Tooker, who retired in March this year, has been admitted to the roll since 1989 and has no prior regulatory history. The SRA recorded that he co‑operated fully, demonstrated genuine insight into the failings and that, in practice, there was no actual harm or loss to the client or any third party. On that basis, the regulator assessed the risk of repetition as low.

Penalty calculation and costs

The financial penalty was set at 5% of Tooker’s gross annual income and reduced by 25% to reflect early admissions and co‑operation. In addition to the fine, he agreed to pay £1,350 towards the SRA’s costs.

OutcomeAmount
Fine (after reduction)£24,862
Costs£1,350

Why it matters in the Square Mile

Client accounts are tightly regulated to protect client funds and preserve public confidence in legal services. Using them as a conduit for general payments, even when connected to a client’s broader commercial arrangements, risks blurring the line between legal work and banking.
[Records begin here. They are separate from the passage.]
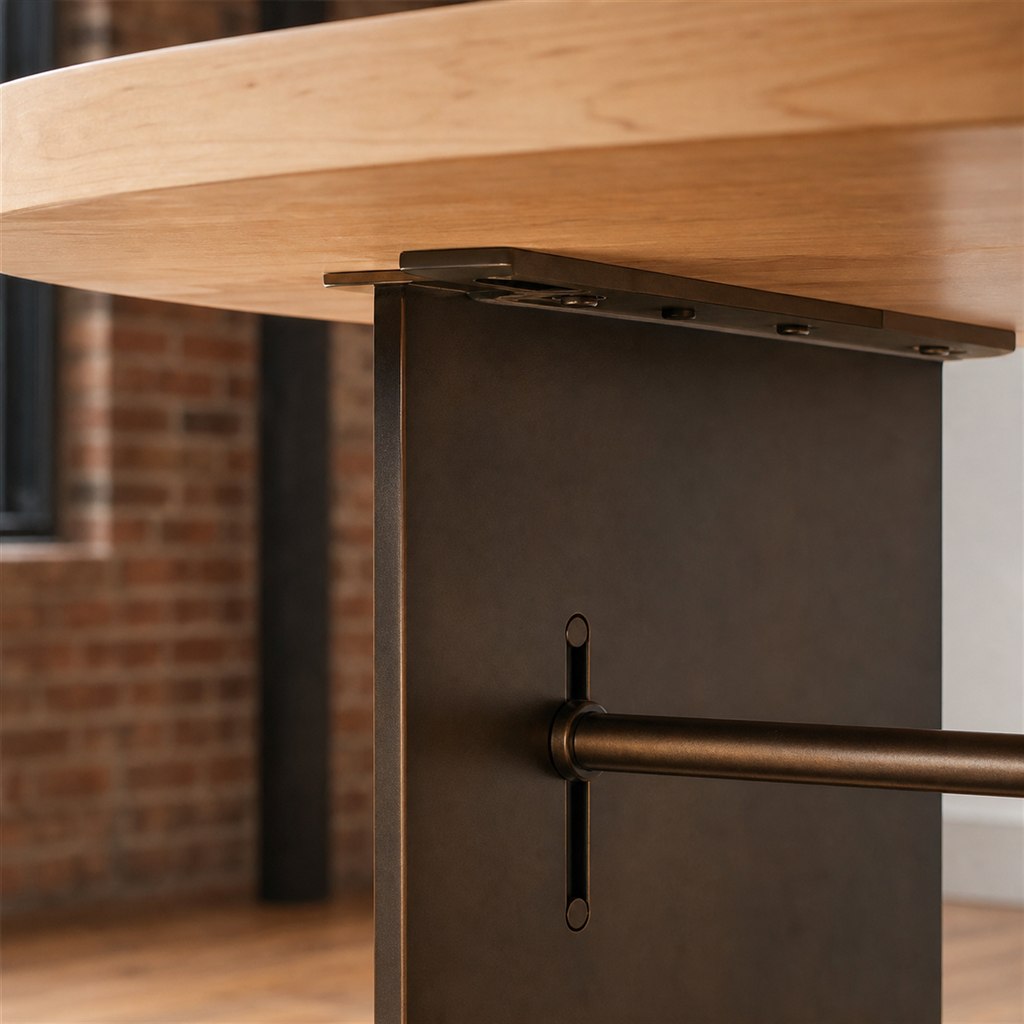 Racetrack Maple Table With a Folded-Plate Pedestal - wood-to-steel interface detail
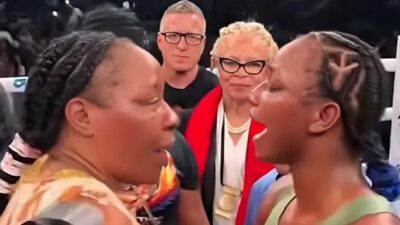 Franchon Crews-Dezurn and Claressa Shields (show love to each other post-fight) - screenshot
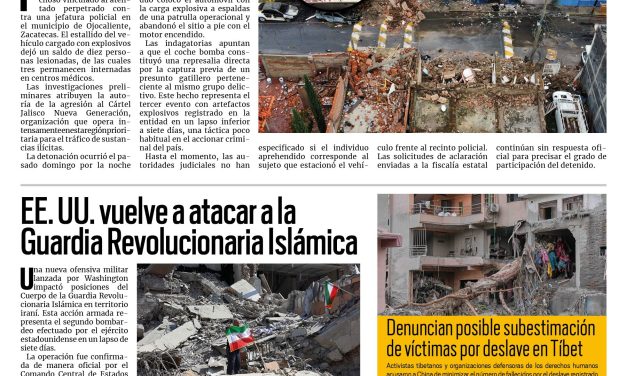 Portada RCG Nacional e Internacional [2 de septiembre de 2026] Detienen a presunto implicado en atentado por coche bomba en Zacatecas; EE. UU. vuelve a atacar a la Guardia Revolucionaria Islámica y más…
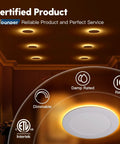 12 Pack 6 Inch LED Recessed Ceiling Lights With Night Light 5CCT Selectable damp rated dimmable wafer downlight ETL FCC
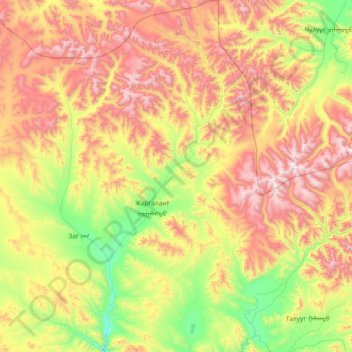 Jargalant topographic map, elevation, terrain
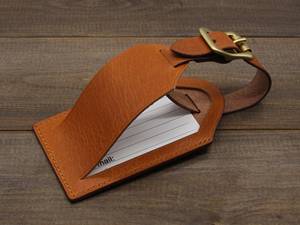 ป้ายติดกระเป๋าเดินทางหนังแท้แบบฟูลเกรน ป้ายชื่อเดินทางแบบกำหนดเอง ป้ายชื่อพร้อมฝาปิดป้องกันข้อมูลส่วนตัว ป้ายติดกระเป๋าเดินทาง LMP-0257 - Product Image 5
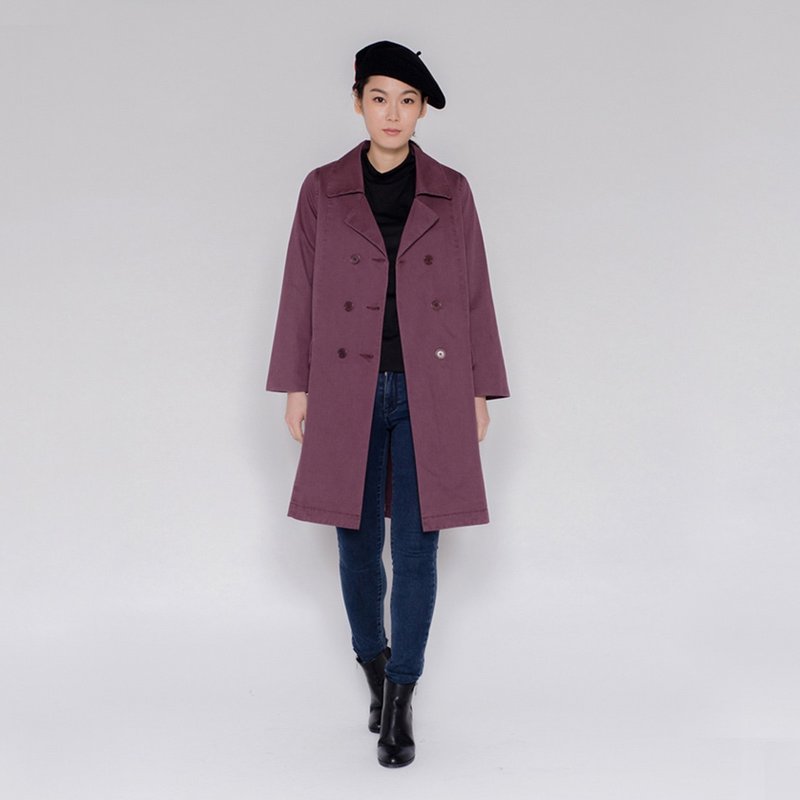 双排扣风衣外套 Double Breasted Pea coat - 女装西装外套/风衣 - 棉．麻 多色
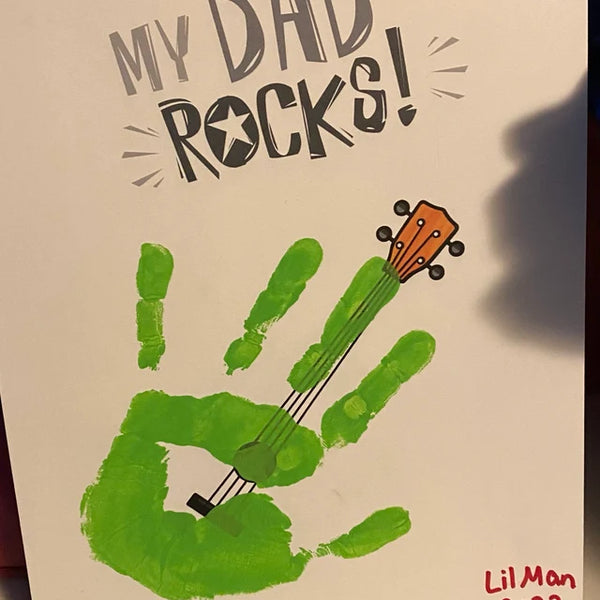 Handprint Art Craft / My Dad Rocks / Father's Day Birthday / Kids Baby Toddler / Keepsake Memory Craft DIY Card / Print Card 0328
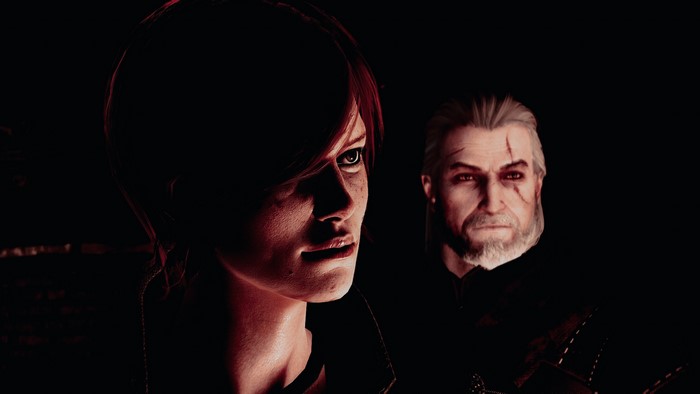 Geralt of Rivia and Shani from The Witcher 3: Wild Hunt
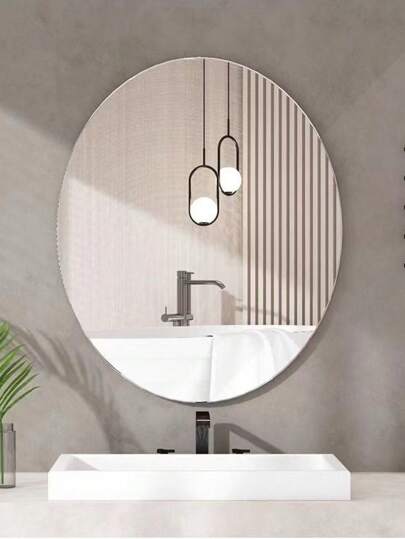 1pc DIY Acrylic Mirror, Bathroom Spiegel Makeup Unbreakable, Self Adhesive, No Installation Required. Wand Square Round Heart Shaped Unbreakable Waterproof Material, Peel Stick, Bedroom Vanity Office, Indoor Outdoor Walls. Home Back To School Room Supplies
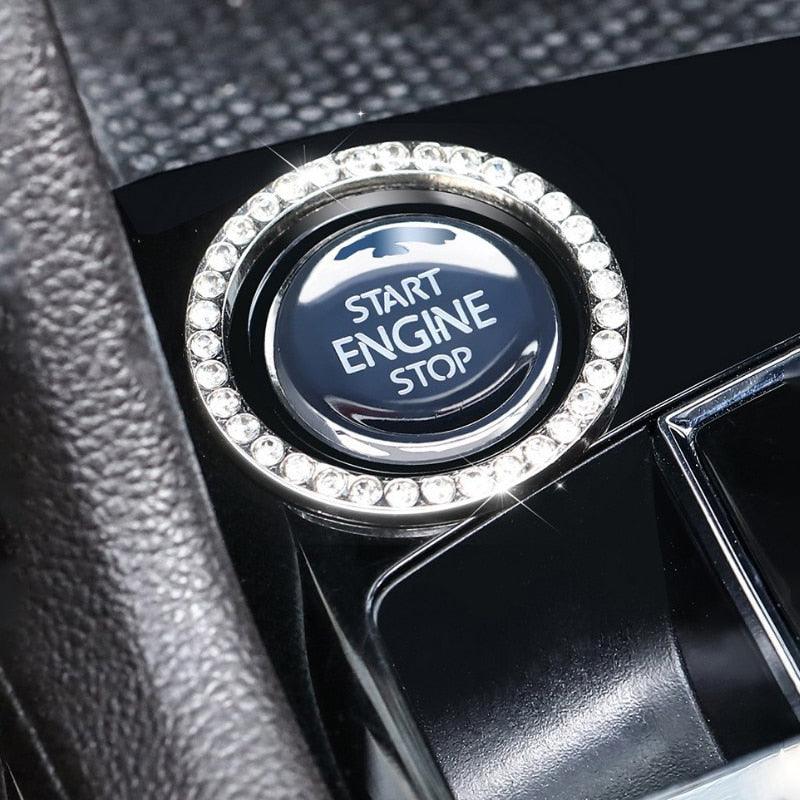 Crystal Rhinestone Bling Ring | Push-to-Start Button & Ignition Decor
The SRA’s findings underline that partners and senior fee‑earners in City firms remain accountable for ensuring rigorous controls around client money, regardless of the commercial pressures of complex, cross‑border matters such as those involving high‑value vessels.

  • Authorising payments from client accounts must be directly linked to the delivery of regulated legal services.
  • Internal audits and robust KYC reviews are essential safeguards to detect and prevent misuse.
  • Co‑operation, early admissions and a clean record can influence sanction levels, but breaches still attract significant penalties.

Context for practitioners and clients

For legal practices operating in the City of London’s specialist markets, including shipping and yachting, the decision serves as a reminder that administrative convenience cannot override the SRA’s accounts regime. Firms are expected to maintain clear oversight of client funds, document decision‑making and ensure that any disbursements are squarely within the scope of regulated services on the matter in question. Clients, in turn, can expect law firms to ring‑fence client monies and avoid acting as de facto bankers.

The SRA’s notice concludes that, while the individual circumstances did not result in loss, the repeated use of the client account for non‑legal outgoings represented a serious compliance lapse. The case reinforces the regulator’s continuing focus on client account governance across the Square Mile’s legal sector.